History is meant to convey to successive generations the purpose of life and about the purusharthas, which define our life - 'dharma, artha, kama and moksha'. And this is conveyed through the narration of stories, events, and incidents. So history from our civilizational point of view is a record of the cumulative wisdom of our forefathers and it is from ithihasa we derive our inspiration and our exemplars for any given situation in individual, community or national life.
I agree with you that the Islamic or Christian religious world should not be viewed as a homogenous community all over the world. They differ from nation to nation, region to region; and that is why I started off by saying that Iran is not like Indonesia and how Pakistan is not like Bangladesh. These differences are there, I admit.

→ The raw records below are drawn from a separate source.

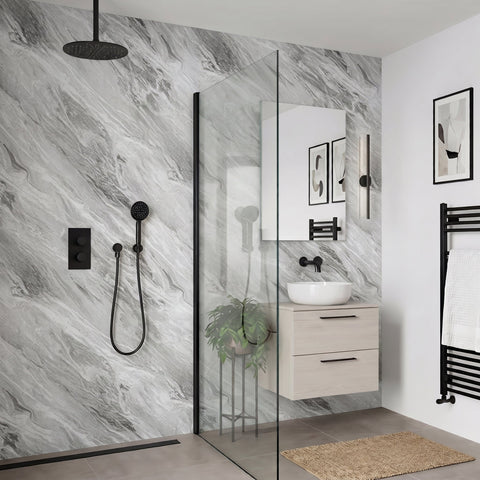 Premium Grey Stone Marble Gloss Shower Wall Panel - 1M x 2.4M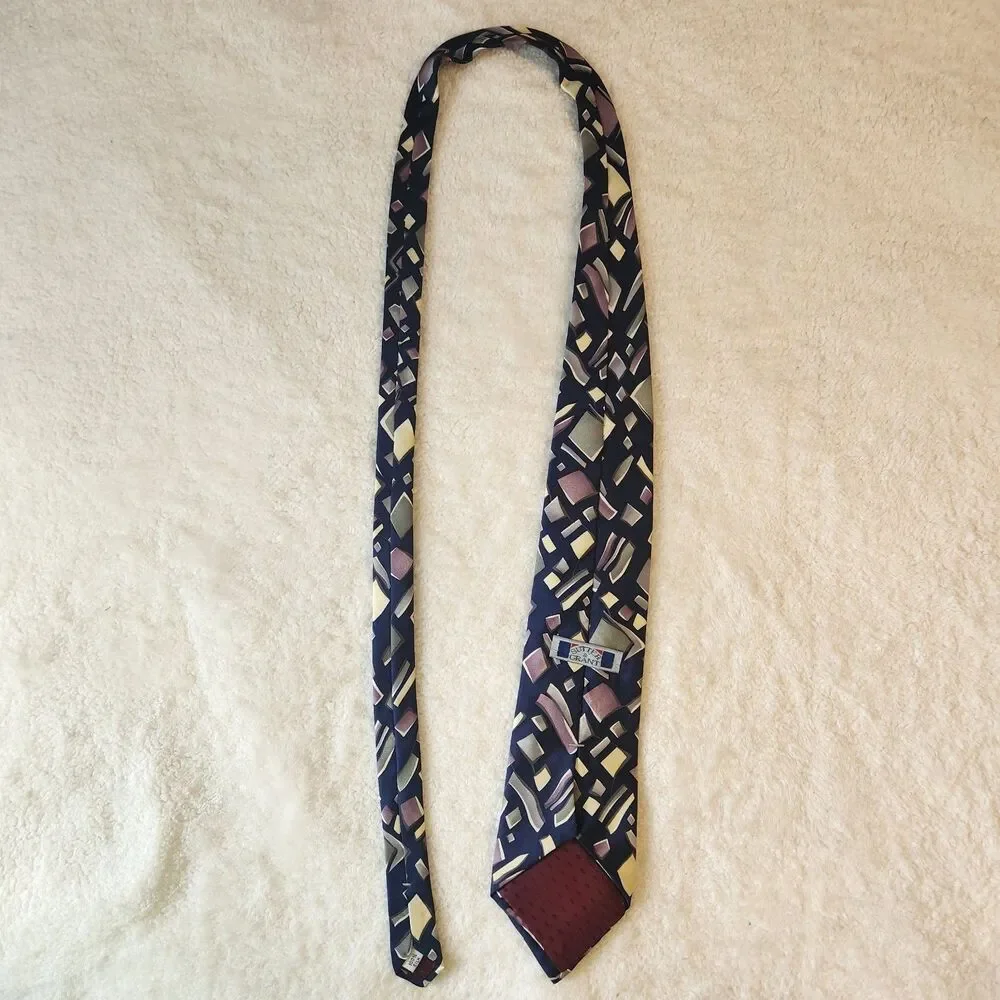 Sutter & Grant Men's 100% Silk Tie Blue Geometric Print Tie 3.5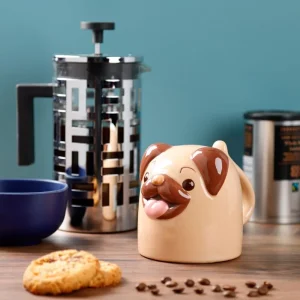 Apgreiztā keramikas krūze Mopps Pug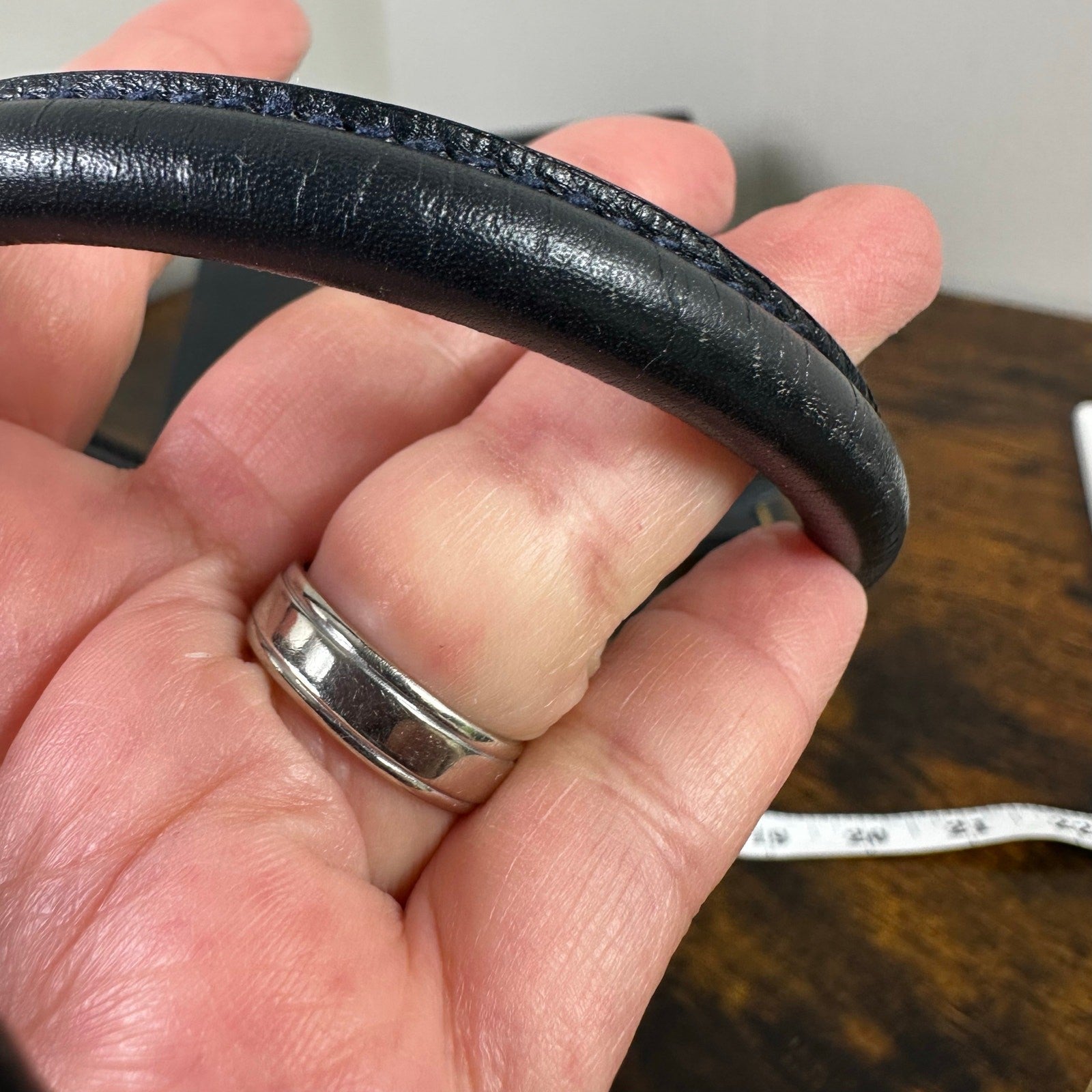 Salvatore Ferragamo Vara Vintage Shoulder Bag Navy Blue Leather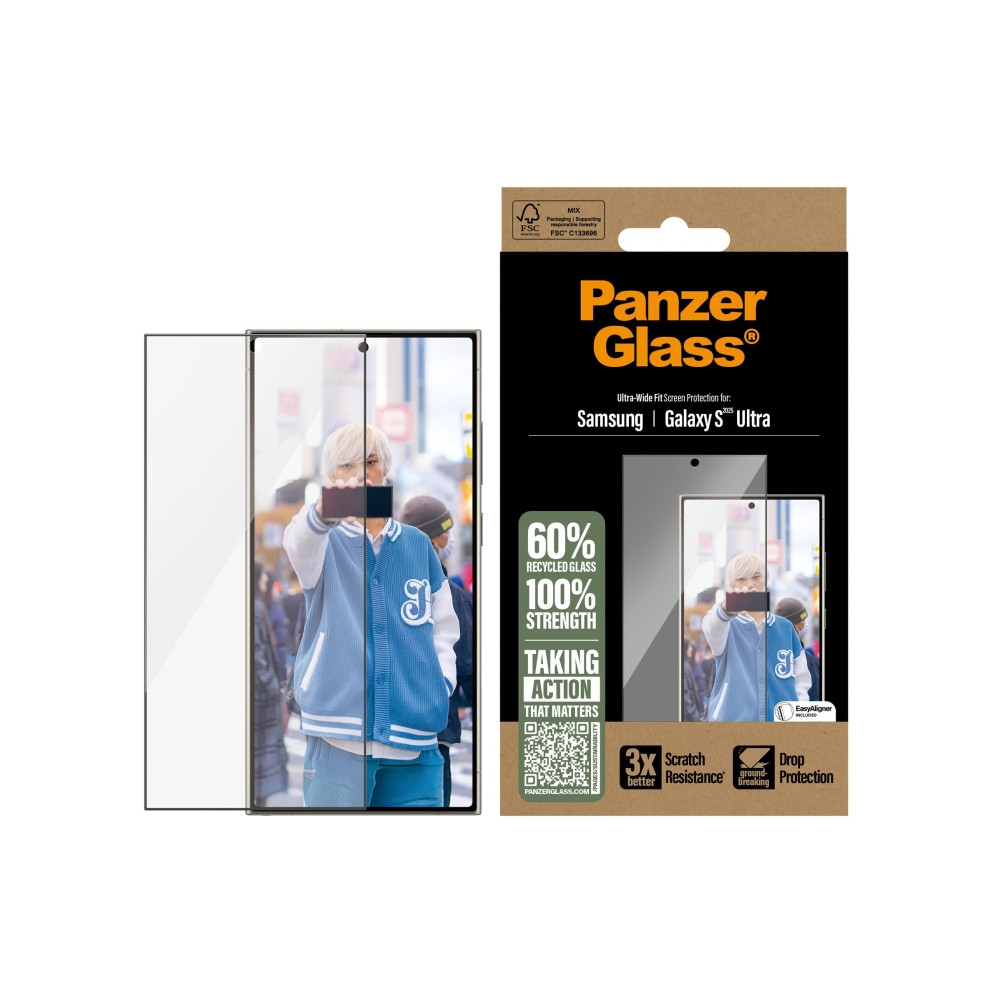 Produktbild för PanzerGlass - skärmskydd för mobiltelefon - ultrabred passning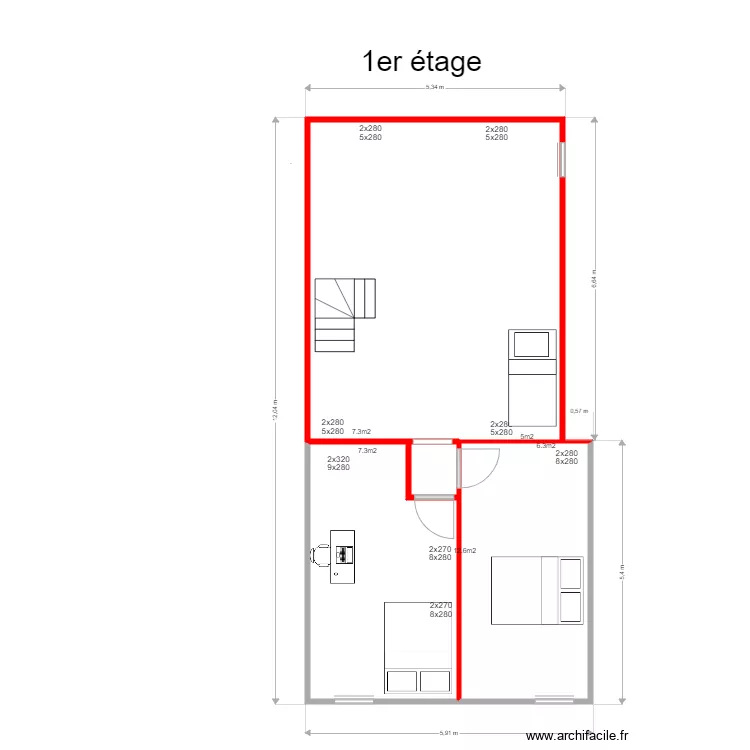 metrage 1er etage. Plan de metrage 1er etage. Plan de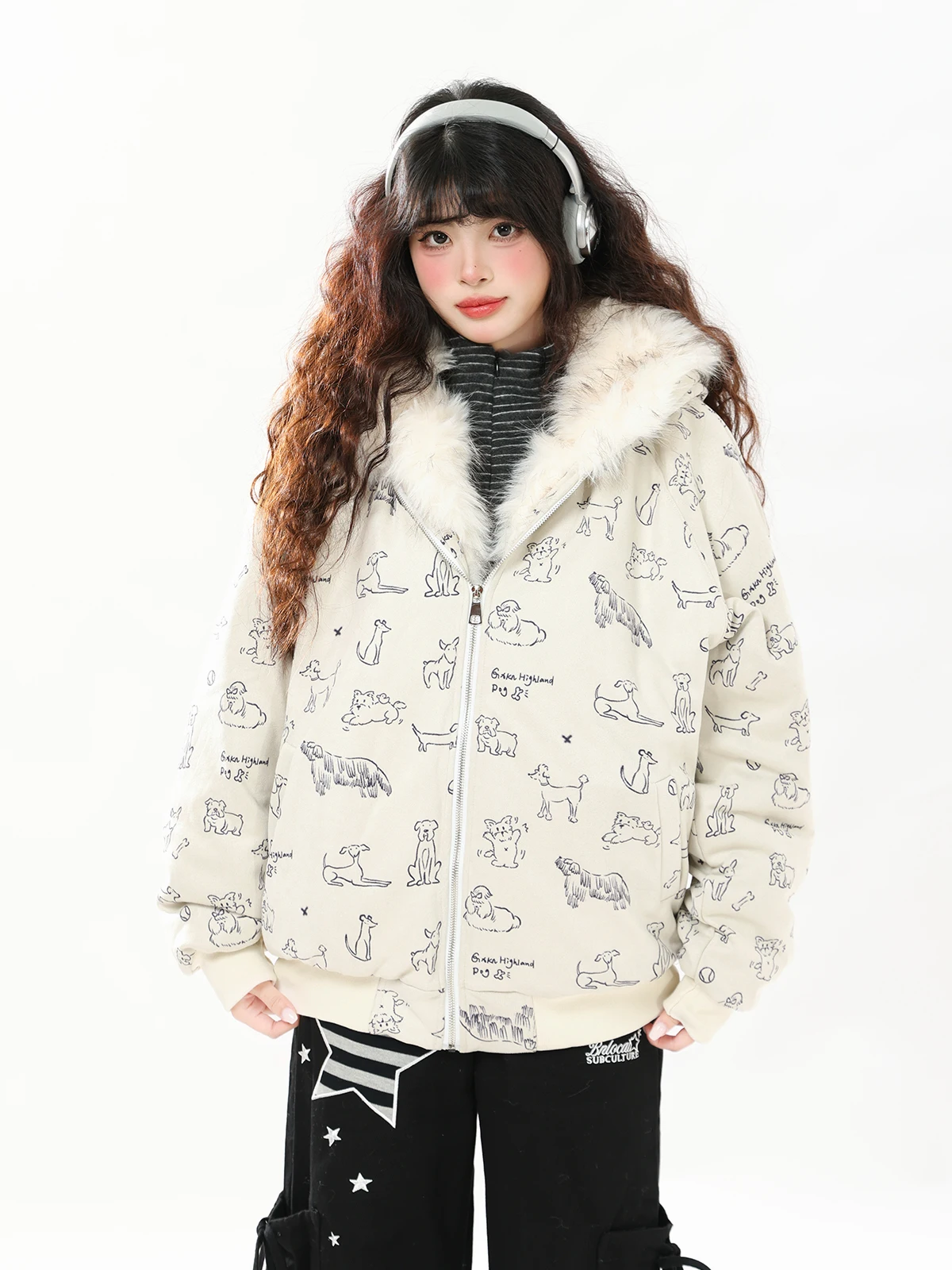 

ENJOG fiti Женская теплая хлопковая куртка с принтом собаки, из овечьего бархата, свободного кроя, с капюшоном, в уличном стиле, с милым и стильным дизайном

Muslims do behave differently. But the teachings of Islam are intolerant, they not only encourage but exhort upon the faithful, religious conversion, by force if need be. If you want to go to heaven not only must you forcibly convert or kill the infidel but you must also destroy their places of worship.
Unfortunately, Hindu intellectuals never read the Koran. Christians themselves have written and spoken about their plan of action for Asia in the third millennium. We don't read that too. We insist on saying that all religions say the same things. They don't. We continue to believe that adherents of Islam and Christianity are just like us. They are not. And it is in this self-deception that we commit our greatest folly. And history will attest to the fact that we have paid a very heavy price for failing to understand and acknowledge the true nature of these religions.
At least now let us be objective enough to understand Islam from the Koran directly. As Arun Shourie keeps saying, let us go to the origin, to the original sources themselves. Let us not indulge in wishful thinking. As long as practices prevail over precepts, Islam does not pose a major problem; but the truth is, the fanatics or the fundamentalists always prevail over the moderates.
Which is why in Islam, Jinnah prevailed over Azad, whereas among the Hindus, Gandhiji prevailed over Savarkar. This is the difference in the respective mindsets.
Ultimately, when the chips are down, the Muslim will swear only by the Koran whereas the Hindu will swear by his conscience.